Di tengah pandemi Covid-19, pemerintah dan DPR memutuskan untuk mengesahkan UU Minerba yang baru. Bagaimanakah UU ini bila dilihat dari perspektif Pasal 33 UUD 1945?
PinterPolitik.com
Pada bulan September 2019, mahasiswa dan pemuda di berbagai daerah turun ke jalan untuk menyampaikan beberapa aspirasinya, aksi tersebut bertajuk reformasi dikorupsi. Salah satu aspirasi yang disampaikan oleh para demonstran kala itu adalah penolakan atas Rancangan Undang-Undang Mineral dan Batubara (RUU Minerba) selain penolakan berbagai RUU dan kebijakan dari pemerintah lainya.
Salah satu aspirasi tersebut berhasil ditampung oleh pemerintah. Tepat pada tanggal 24 September 2019, Presiden Joko Widodo (Jokowi) menunda pembahasan RUU Minerba. Namun, pada bulan Februari 2020, Pemerintah bersama Dewan Perwakilan Rakyat Indonesia (DPR RI) kembali melakukan pembahasan RUU Minerba.

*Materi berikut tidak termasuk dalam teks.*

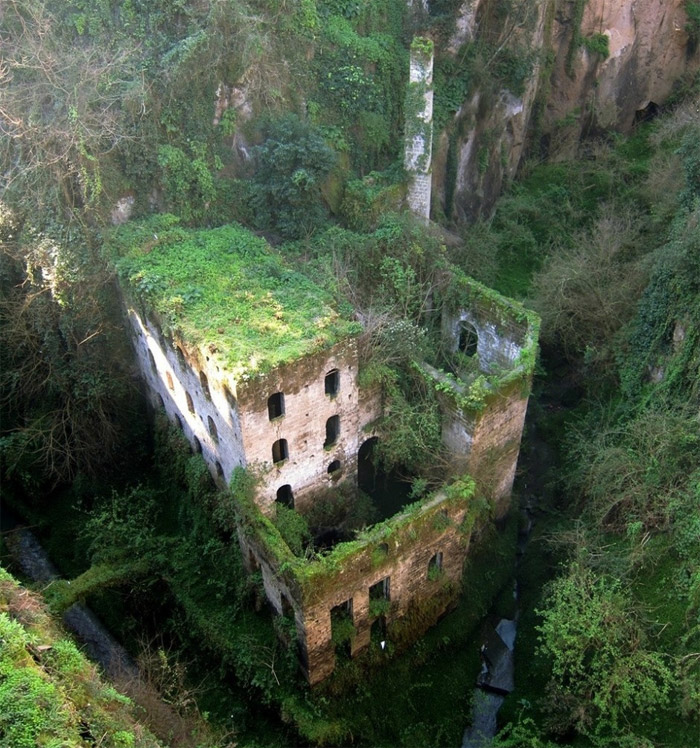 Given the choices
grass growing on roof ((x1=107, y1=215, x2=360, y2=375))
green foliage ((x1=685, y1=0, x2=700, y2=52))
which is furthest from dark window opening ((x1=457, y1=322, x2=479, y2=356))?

Tidak kurang dari empat bulan, tepatnya pada tanggal 12 Mei 2020, pemerintahan Jokowi-Ma’ruf Amin bersama DPR RI telah resmi mengesahkan RUU Minerba menjadi Undang-Undang (UU) Minerba yang baru. Dari Sembilan Fraksi yang ada di DPR, hanya terdapat satu fraksi yang menolak RUU Minerba, yaitu fraksi Demokrat.
Secara keseluruhan, hasil dari UU Minerba yang baru mengandung tambahan dua bab baru sehingga terdapat dua puluh delapan bab. Terjadi perubahan delapan puluh tiga pasal, lima puluh dua pasal baru, dan delapan belas pasal yang dihapus sehingga total terdapat dua ratus sembilan pasal yang terkandung di dalam UU Minerba yang baru.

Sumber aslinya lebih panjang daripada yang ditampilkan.